Dieser Präsident 1war in seiner Jugend ein überwältigter und noch heute dankbarer Schüler eines dieser verbannten intellektuellen Genies.

Das friedliche und friedensstiftende Uruguay stellt ein großartiges Erbe und zugleich eine lebendige Strategie dar.

Das Land war Teil der weltweiten Avantgarde bei der Schaffung internationaler Instrumente des Friedens.

Indem wir uns aus dem Besten unserer Vergangenheit heraus dazu berufen fühlten, haben wir Menschen unsere Gastfreundschaft angeboten, die eine grausame Entführung nach Guantánamo erlitten haben.
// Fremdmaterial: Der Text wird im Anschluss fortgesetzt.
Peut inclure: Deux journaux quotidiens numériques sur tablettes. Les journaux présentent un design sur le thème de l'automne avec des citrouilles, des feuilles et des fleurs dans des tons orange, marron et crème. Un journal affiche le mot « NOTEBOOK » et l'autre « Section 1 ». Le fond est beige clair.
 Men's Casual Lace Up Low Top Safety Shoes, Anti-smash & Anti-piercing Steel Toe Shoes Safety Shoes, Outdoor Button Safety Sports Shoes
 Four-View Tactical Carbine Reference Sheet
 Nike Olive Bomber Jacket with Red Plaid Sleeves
Die zwingende Begründung dafür ist humanitärer Art.

In dieses Land sind seit unserer Unabhängigkeit und auch schon zuvor einzelne Menschen und manchmal auch sehr zahlreiche Gruppen auf der Suche nach Zuflucht gekommen: internationale Kriege, Bürgerkriege, tyrannische Regime, religiöse und rassische Verfolgungen, Armut und extremes Elend in großer Ferne oder auch ganz in der Nähe sind Ursachen dafür gewesen.

Sie kamen aus allen Ländern Europas, einschließlich dem fernen Russland, und Amerikas; und das schmerzhafteste: als Sklaven verschleppt, aus Afrika.

Sehr viele kamen aus riskanten und heiklen Situationen. Sie haben dieses Uruguay aufgebaut: Wohlstand geschaffen, handwerkliche Fähigkeiten, Samen, Wissen und Kulturen mitgebracht und schließlich tiefe Wurzeln geschlagen, indem sie hier ihre heute zahllose Nachkommenschaft gesät haben. Aber sie hinterließen auch ihre Gräber als sie, alt geworden, starben und mit ihren Knochen Teil unserer so geliebten Erde wurden.

Aber ebenso und zu gegebener Zeit haben wir in für uns schweren Stunden warme und hilfreich ausgestreckte Hände ergriffen und Asyl in vielen Ländern erhalten, obwohl wir von der heimischen Tyrannei "bezichtigt" wurden, sehr gefährliche Leute zu sein.

Und vorher, währenddessen und später gingen zehntausende von Landsleuten aufgrund von Armut und fehlenden Perspektiven fort in alle möglichen Gegenden der Welt.

Viele von ihnen und ihre Nachkommen, die nun andere Sprachen sprechen, haben nicht zurückzukehren vermocht und stellen für uns, abgesehen vom Schmerz und von unerledigter Verpflichtung, die geliebte Heimat in der Fremde dar.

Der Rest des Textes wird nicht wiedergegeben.